In order to overcome the above-mentioned defects which the flocculation method has and to obtain the stabilized water quality by compact equipment without being greatly affected by the fluctuation of the quality of the raw water, a new process for treating water using a membrane has been proposed.
It is difficult to employ membranes alone in industrial uses. However, from the viewpoint that the use of a membrane enables one to ensure a high treatment capacity per unit volume at a low cost, a hollow fiber membrane made of a polymer has been put to practical use as a membrane module.

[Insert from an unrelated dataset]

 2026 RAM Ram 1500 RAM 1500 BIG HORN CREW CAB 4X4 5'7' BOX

The hollow fiber membrane module can be constructed by receiving such a hollow fiber membrane into a module case, bonding and fixing at least one end of the membrane with a thermo-setting resin such as an epoxy resin, a urethane resin or the like, thereafter cutting the unnecessary bonding portion, and opening the hollow portion of the fiber.
However, when the above-mentioned membrane module is used, there has been such a problem that the permeation flow velocity of the treating water is decreased with the lapse of time (New Membrane Technology Symposium '92 held by the Membrane Society of Japan and the Japan Management Association, Preprint SESSION 3, 1992).

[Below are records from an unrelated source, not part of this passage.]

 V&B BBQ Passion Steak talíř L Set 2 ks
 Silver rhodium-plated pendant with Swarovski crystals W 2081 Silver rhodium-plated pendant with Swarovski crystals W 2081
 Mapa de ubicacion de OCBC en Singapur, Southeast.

For solving these problems, there has recently been proposed a method of inhibiting the decrease of permeation flow velocity of the treating water with the lapse of time by previously treating the raw water with ozone [Jour. American Water Works Association (AWWA), 77 (60-65) (1985)]; a method of inhibiting the clogging of a filtration membrane by injecting ozone into the raw water before membrane filtration and then filtering the raw water containing ozone (JP-A-4-108518); an oil-water separator in which ozone or hydrogen peroxide is fed before membrane filtration in separating an oil and water from waste water containing the oil (JP-A-63-93310); a method of recovering the decreased permeation flow velocity by use of water containing ozone when a separating membrane is washed (JP-A-3-249927); or the like.
Such an ozone treatment is particularly effective when the clogging of a membrane results from an organic material; however, a membrane module capable of resisting the strong oxidative action of ozone is required. For example, when water containing ozone is filtered using an organic hollow fiber membrane, the membrane constituting the membrane module, the module case portion and the bonding portion must have not only the respective functions as the respective constructive materials, but also ozone resistance in at least portions contacting an ozone gas or water containing ozone. In addition, from the industrial viewpoint of the life of the membrane module, ozone resistance of at least one-half year, preferably 1 to 3 years is required.

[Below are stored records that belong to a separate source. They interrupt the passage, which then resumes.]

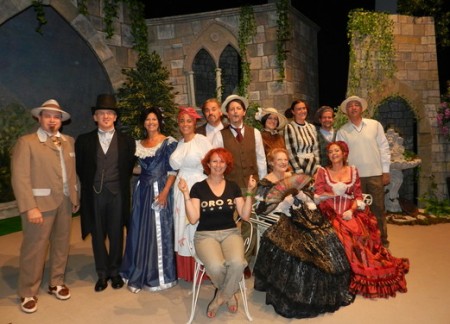 Maria Cristina D'Abbraccio e il cast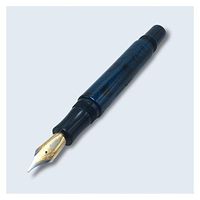 Milano Black Fountan Pen-Chrome Fine Nib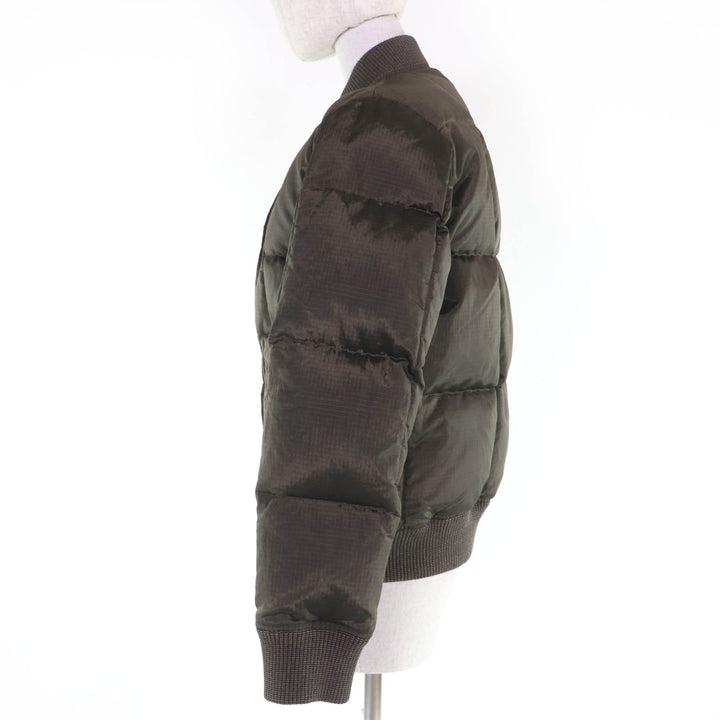 Excellent LOUIS VUITTON Down jacket Monogram lining and logo rubber patch 34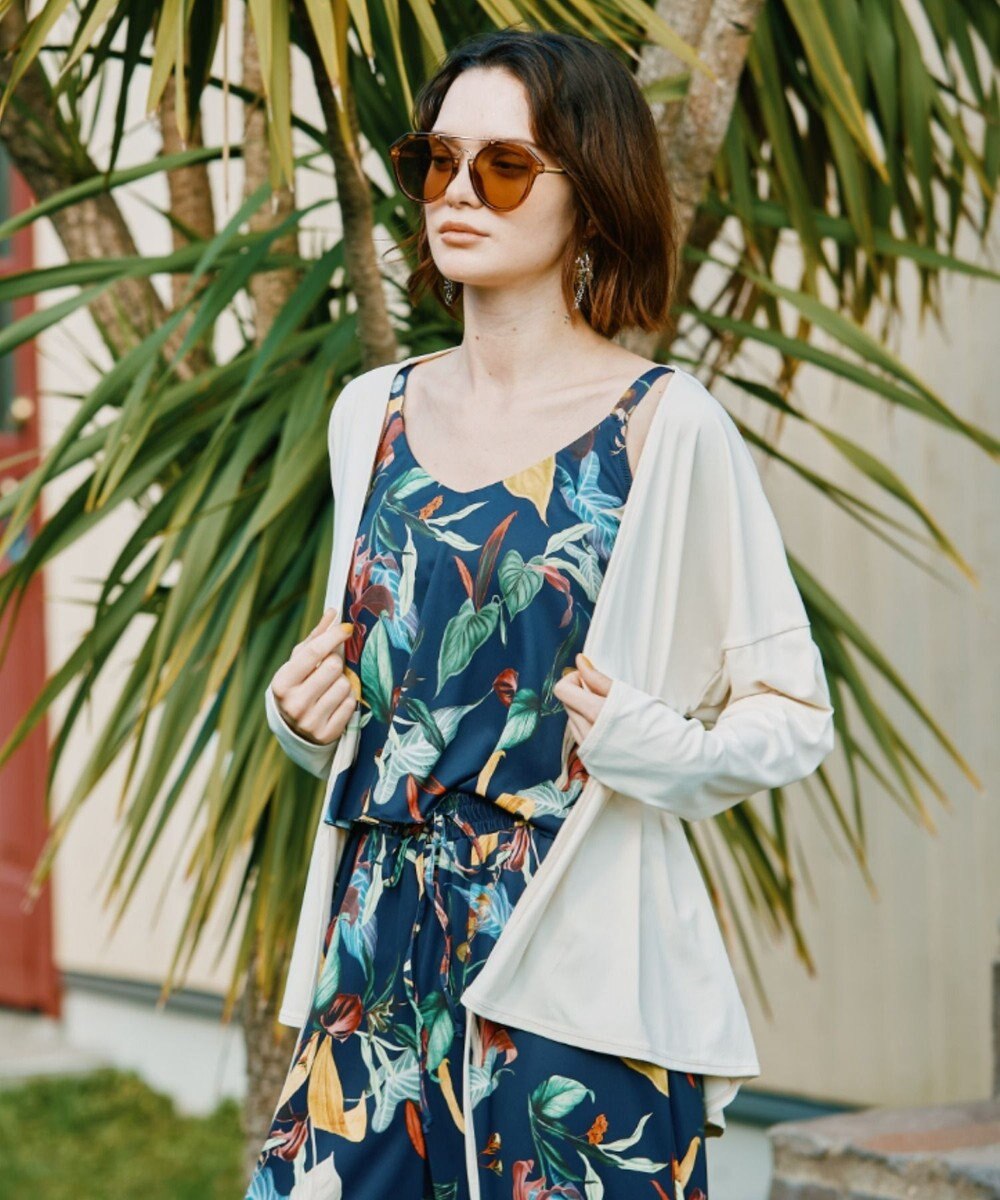 San-ai Resort（三愛水着楽園） 【UPF50＋】水陸両用羽織り　M【Coral veil（コーラルヴェール）】 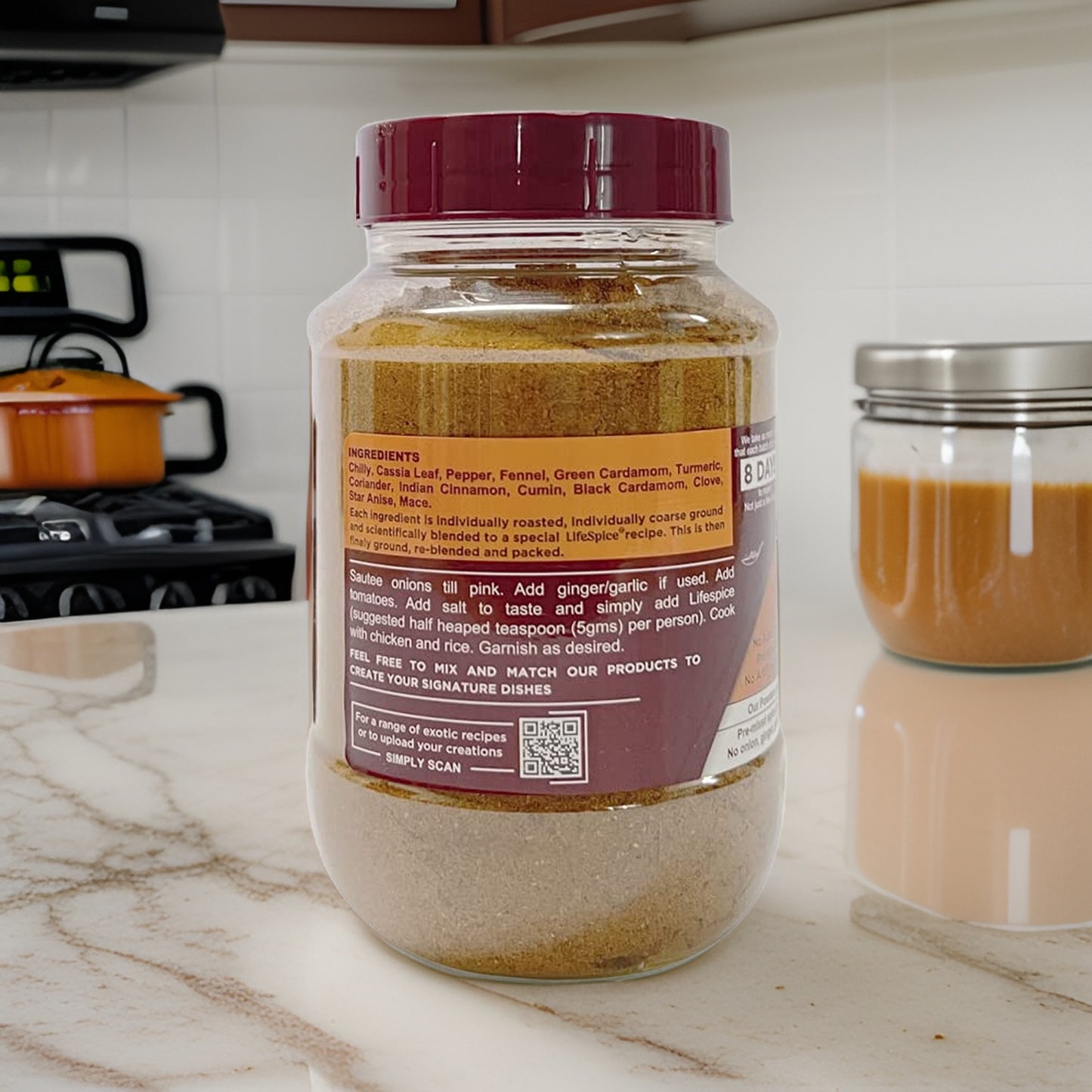 Lifespice - Chicken Biryani Spice Mix 150g PET Jar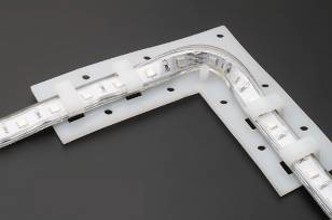 Support de coin pour ruban led 18mm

As a membrane module having ozone resistance, there have heretofore been known, for example, inorganic membrane modules using a ceramic membrane, ALL-PVDF Ultrastack.TM. using the flat membrane-like ultrafiltration membrane made of a polyvinylidene fluoride (PVDF) stated in ULTRAPURE WATER, 7 (6), 32-36, 38-40 (1990), and the like. However, the module using a ceramic membrane is expensive and has such a problem that there is a limit in the compactification of equipment. Also, in the membrane-filtration system using ALL-PVDF Ultrastack.TM., the compactification of equipment is difficult and, in addition, when it is intended to adopt a cross flow filtration system which is excellent in respect of stably maintaining the permeation flow velocity, there is a problem that said application is difficult.
Furthermore, when the raw water contains inorganic materials such as sand and clay, even if an ozone treatment is effected, there are such problems that inorganic materials accumulate on the membrane surface and the permeation flow velocity is decreased with the lapse of time. For solving these problems, JP-A-7-265671 discloses an external pressure cross flow filtration which can make it difficult for materials causing clogging to pile up on the membrane surface and can make the membrane surface area large, and an external pressure system membrane module capable of discharging the suspended materials which have piled up between the hollow fiber membranes by routine aeration-flushing (stated as an air-bubbling). However, these membrane modules use a silicone rubber as an adhesive for bonding and fixing the membrane used on the module case, and hence, they lack strength and are inconvenient in conducting a stable filtration on a commercial scale over a long period of time though they can be applied to a short time use or to a use in a small module diameter. Therefore, a development of a more improved membrane module has been strongly desired.